Così vengono usati strumenti diversi a seconda che i pezzi abbiano progressioni armoniche attuali o atmosfere più vintage. Come in “1959”, un soul beat che ricorda il ballo liceale americano di fine anno, in cui, oltre a chitarre e batteria di quegli anni, il solo di chitarra “è fatto da mio padre che è di quegli anni”. Compaiono anche mandolino, tromba, un organetto anni ’70 acquistato in un mercatino romano e pedali analogici; tutto ciò per creare quel suono sporco, rotto, molto lo-fi, che contraddistingue l’intero disco.
E dato che “è bello quando vivi nella scena musicale e hai la possibilità di fare un lavoro un po’ più collettivo”, molti artisti hanno collaborato alla realizzazione di Winter Whales War, tra cui Roberta Sammarelli dei Verdena al basso e Adriano Viterbini dei Bud Spancer Blues Explosion alla chitarra. Una ciurma ubriaca composta da membri di alcuni gruppi underground forma il coro di “This is Haloween”, in cui 23 secondi all’indietro ci fanno entrare nell’esoterico mondo delle streghe, e ritorna nella traccia successiva, “Edward Teach also know as Blackbeard”, dedicata all’affascinante personaggio del pirata Barbanera.
Ma l’aspetto forse più particolare è l’uso di suoni campionati, dai rumori dei boschi dietro Cerveteri per ricreare lo scenario della foresta in “My favorite color”, a quello del mare, costante che ritorna in molti brani, metafora sicuramente inflazionata ma poche volte gestita con un tale sensibile realismo.

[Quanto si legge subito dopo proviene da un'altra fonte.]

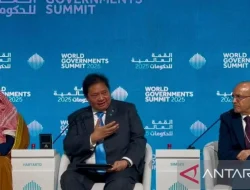 Airlangga Dorong Kolaborasi Inovatif dalam Pembangunan Ekonomi Dunia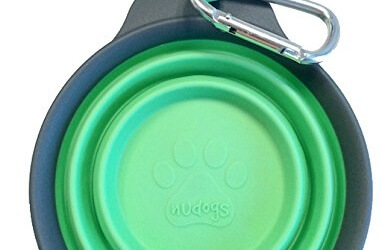 A Must Have If You Walk Your Dog Often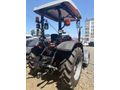 Galeriden Same Tiger 50 Samsun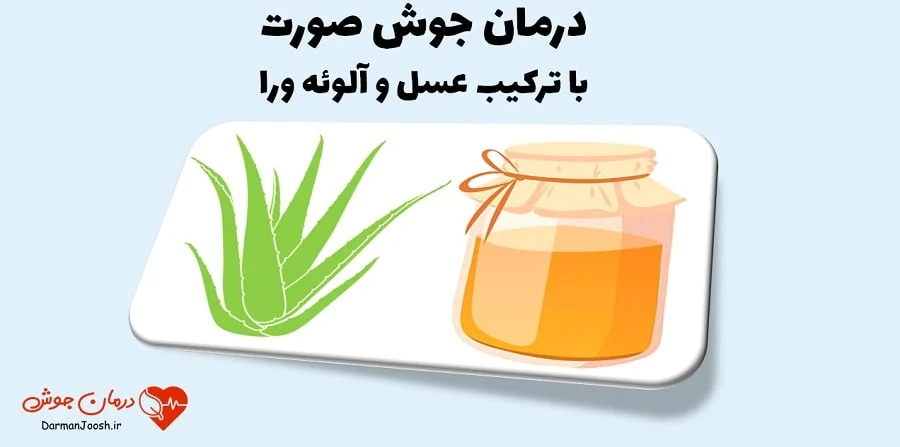 کسب و کار استانها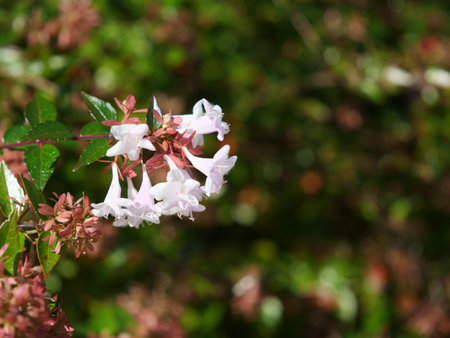 Abelia planted in the parkの写真素材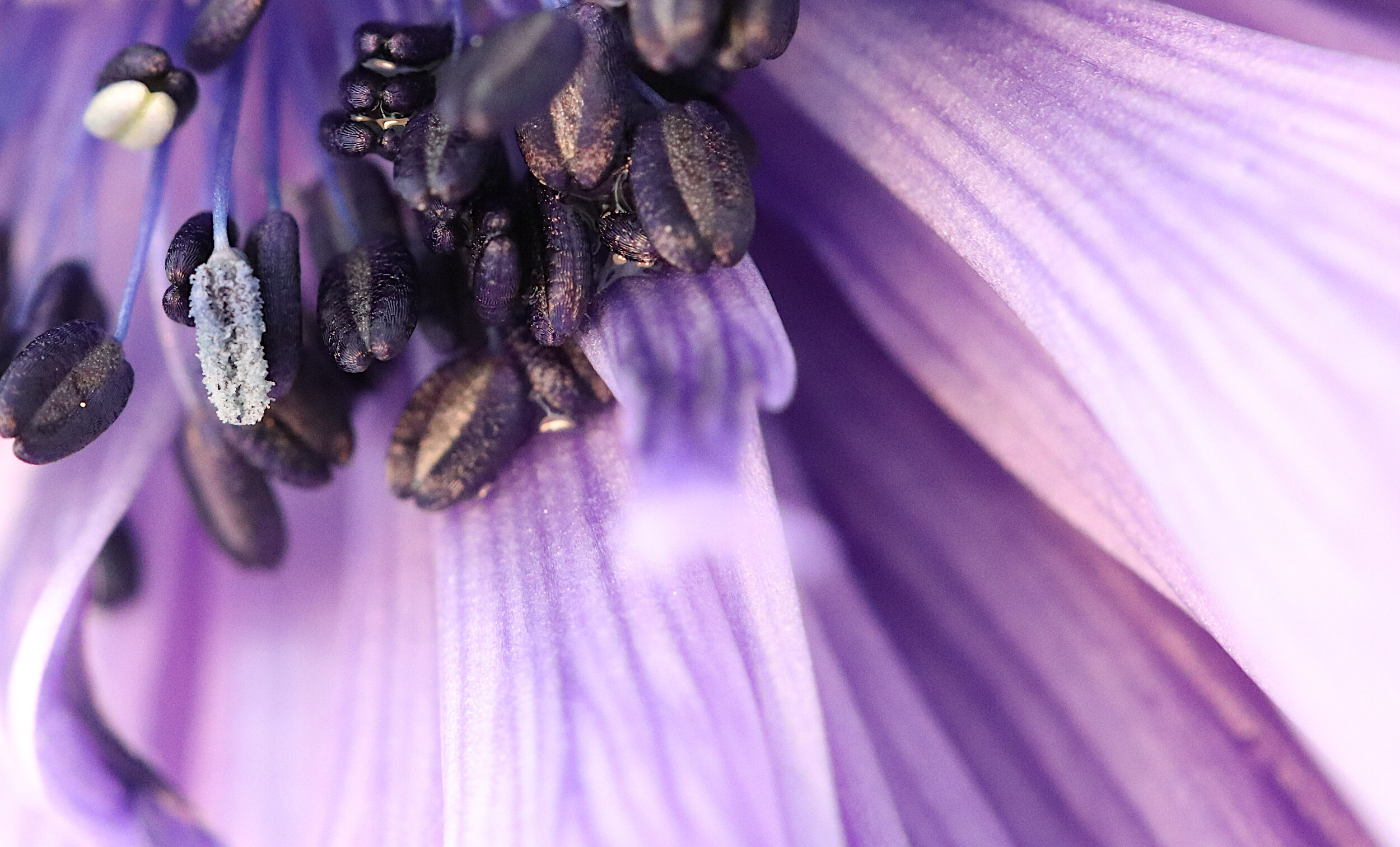 anemone in blue sh 027.jpg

L’infrangersi delle onde del mare infatti crea il sottofondo di “Sloop John B”, tradizionale anni ’30 ispirato alla versione dei Beach Boys e, nell’ultimo brano, che dà il titolo all’album, sempre il mare accompagna la lettura dei musicali e melanconici versi di “After the sea-ship” di Walt Whitman.
Ad un ascolto attento le nostre percezioni uditive e visive si fondono all’unisono nel viaggio di un marinaio attraverso le epoche, sballottato dalle musicalità tese delle onde del garage rock di “The same old story” e di “Molly”, alla violenta tempesta di “Nothing to lose blues”, con un desiderio costante che esplode nelle note di “ Hold fast”: quello di tenere duro fino al ritorno a casa.
“Non c’è una cronologia di significato ma tutto l’album è improntato nell’immaginario marinaresco perché fin da piccolo sono sempre stato molto affascinato da quell’ambiente, dall’idea del galeone, del viaggiare, della conoscenza di altri posti e anche dal viaggio come esperienza. Però, retorica a parte, anche esteticamente mi piace molto”. Un disco mai contenuto che nasconde una velata malinconia. “Penso che il nostro disco mascheri una sensazione di disagio, come se fosse un modo per uscire dalla situazione di staticità che hai nella vita se non hai interessi o comunque se fatichi a trovare un posto, una funzione”.
Questo ce lo dicono sottovoce, con la paura di cadere nel retorico, ed è facile cascarci usando la metafora del mare. Abbandonate quindi l’idea romantica dell’uomo che contempla le onde dell’oceano o del marinaio che gioca a dadi con la morte, perché non troverete questo nei dieci brani che compongono Winter Whales War.
No perché le note dei Sadside ci suonano che le parole non bastano. Ci chiedono cosa stiamo aspettando a svegliarci dagli abissi del sonno, a cessare di ripetere quei gesti ormai meccanici come l’infrangersi delle onde. E tra l’inizio e la fine del mare cantano, in mezzo a tanti corpi immobili, quell’unico io elettrico che da solo è in grado di trovare la sua strada. La strada per tornare a casa. Vivo.